自民党の「公共工事品質確保に関する議員連盟」(会長・根本匠衆院議員)が2日に総会を開き=写真、公共工事品質確保促進法(公共工事品確法)の改正案を開会中の通常国会に提出する方針を固めた。品確法の理念を反映する形で公共工事入札契約適正化法(入契法)と測量法も議員立法で改正する。根本会長は、閣法として改正案を提出する建設業法と入契法を含めた4法を「トータルで捉える必要がある」と強調。公共工事だけでなく民間工事も視野に入れ「建設業法も含めた法制度の拡充によって、建設産業の健全な発展を後押しする」と力を込めた。

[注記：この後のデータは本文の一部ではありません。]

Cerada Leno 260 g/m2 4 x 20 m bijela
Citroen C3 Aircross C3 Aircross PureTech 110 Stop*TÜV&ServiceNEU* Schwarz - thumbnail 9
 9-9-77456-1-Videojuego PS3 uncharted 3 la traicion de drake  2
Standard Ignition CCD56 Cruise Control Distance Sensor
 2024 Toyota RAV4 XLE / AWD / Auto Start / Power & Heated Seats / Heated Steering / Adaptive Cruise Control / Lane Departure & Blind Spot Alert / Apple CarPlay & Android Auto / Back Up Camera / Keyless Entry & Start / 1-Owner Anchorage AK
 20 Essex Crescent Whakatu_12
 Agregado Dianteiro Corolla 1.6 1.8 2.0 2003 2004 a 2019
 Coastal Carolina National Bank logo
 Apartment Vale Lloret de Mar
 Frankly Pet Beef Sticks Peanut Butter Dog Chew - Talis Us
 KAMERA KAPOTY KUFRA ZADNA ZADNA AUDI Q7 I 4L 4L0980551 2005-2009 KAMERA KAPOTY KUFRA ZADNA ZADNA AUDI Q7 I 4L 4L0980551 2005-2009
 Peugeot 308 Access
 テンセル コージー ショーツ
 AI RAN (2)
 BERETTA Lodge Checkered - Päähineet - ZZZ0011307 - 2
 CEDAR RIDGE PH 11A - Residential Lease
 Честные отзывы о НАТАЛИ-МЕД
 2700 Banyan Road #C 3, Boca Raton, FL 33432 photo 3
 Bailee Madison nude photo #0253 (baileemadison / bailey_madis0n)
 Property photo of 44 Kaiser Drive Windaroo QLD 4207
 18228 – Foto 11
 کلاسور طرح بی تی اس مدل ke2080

議連の法改正プロジェクトチームが1月30日にまとめた改正案をそのまま了承。今後の対応を根本会長に一任し、党内や他党との調整・手続きに入る。総会での各議員の発言や建設関係団体の要望書を踏まえ、必要であれば追加事項も最終的な条文に落とし込む考え。議連幹事長の佐藤信秋参院議員は、災害時など積算価格と実勢が食い違うことが想定される場合の発注側の対応について「現状の見積もりや随意契約の活用以外にも、さまざまなやり方があることを踏まえて調整したい」と話した。
今回の改正案は▽担い手確保のための働き方改革・処遇改善▽地域建設業などの維持に向けた環境整備▽新技術の活用などによる生産性向上▽公共工事の発注体制の強化−の四つが柱。根本会長は品質確保を支える建設産業の発展を目指す「産業政策を盛り込んでいる」という品確法の特質に繰り返し言及。閣法には書き込みにくいような政策的対応も法的に位置付ける議員立法の意義を強調した。
出席した議員からは働き方改革や処遇改善で民間発注者らにも協力を求める必要があるとの声も上がった。根本会長は民間工事も含め労務費ダンピングを建設業法で規制する方向となっていることを例示し、各法が「一体となって対応する」と明快に説明。佐藤幹事長は建築分野の労務費や材料費の推移に触れながら「公共から民間へ波及していく実績はある。公共で走っていけば民間も付いてくるだろう」との見解を示した。
総会では斉藤鉄夫国土交通相に近く要望活動を行うことも報告。公共工事設計労務単価や設計業務委託等技術者単価の引き上げが主要な要望事項となる方向だ。根本会長は「賃上げは岸田内閣の経済対策で最も大きなテーマ。公共工事分野は新しい資本主義のモデルだと思っている。強力に推進し実現したい」と話した。